È online sul sito viandanti.org l’editoriale di Paolo Cugini (parroco di quattro parrocchie nella campagna bolognese) che riflette sulla crisi della figura del presbitero nella società occidentale contemporanea, dal titolo: “Presbiteri guide di comunità: quale discernimento?”.
Il ruolo del prete a capo di una comunità oggi soffre di una duplice crisi, spiega Cugini: di identità sicuramente, ma anche di credibilità.
«Da una parte, gli scandali della pedofilia hanno contribuito a corrodere l’immagine del prete come un essere ontologicamente diverso, come una certa spiritualità aveva contribuito a creare, come se fosse immune alle passioni. Dall’altra, l’attuale contesto culturale sempre più post-cristiana e post-teista, rende obsoleta la presenza di quel modello di prete che funzionava nell’epoca della cristianità, ma che oggi ha valore solo per la vecchia guardia cattolica». P
aolo Cugini prova a tracciare alcune piste percorribili per edificare una «Chiesa del dopo», che però è già iniziata. Prima di tutto suggerisce di «chiudere i seminari», divenuti ormai inutili:
«Nella Chiesa del dopo» «le guide di comunità non dovranno essere celibi e nemmeno separati dal popolo di Dio. Saranno scelti tra quelle donne e quegli uomini che la comunità indicherà». Le nuove guide, siano esse uomini o donne, si formeranno con «un percorso molto più semplice, più attento alle tematiche del tempo presente, collegato alle facoltà umanistiche già esistenti e integrato con proposte locali modificabili di anno in anno».
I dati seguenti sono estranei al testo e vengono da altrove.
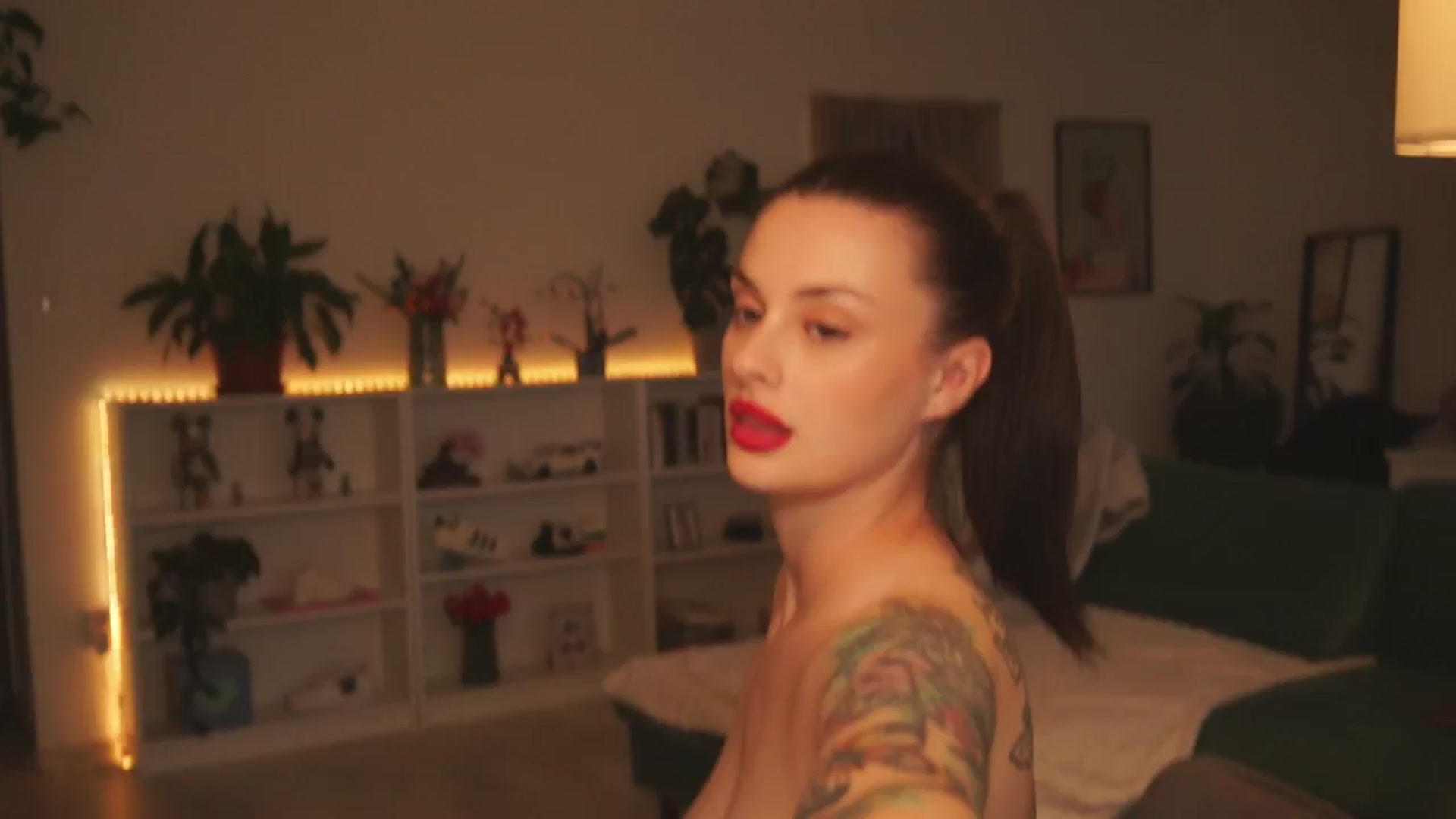 Gallery image thumbnail from lucyangel's myfreecams stream on, 09/18/2024, 17:15 image 8 of 20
Al secondo punto, Cugini propone «uno stile di vita riconosciuto» per le guide di comunità:
«Dovranno essere persone adulte, con alle spalle un cammino di vita evangelica riconosciuta dalla comunità. L’idea che dei ragazzi di 25 anni siano in grado di presiedere l’eucarestia in una comunità, per il semplice fatto che hanno terminato un percorso di studi è veramente poco evangelica».
Secondo il parroco bolognese, non contano tanto gli anni di studio quanto uno stile di vita riconosciuto dalla comunità fondato sulla trasparenza, la giustizia, la gratuità, l’amore per i poveri, gli esclusi, per la pace.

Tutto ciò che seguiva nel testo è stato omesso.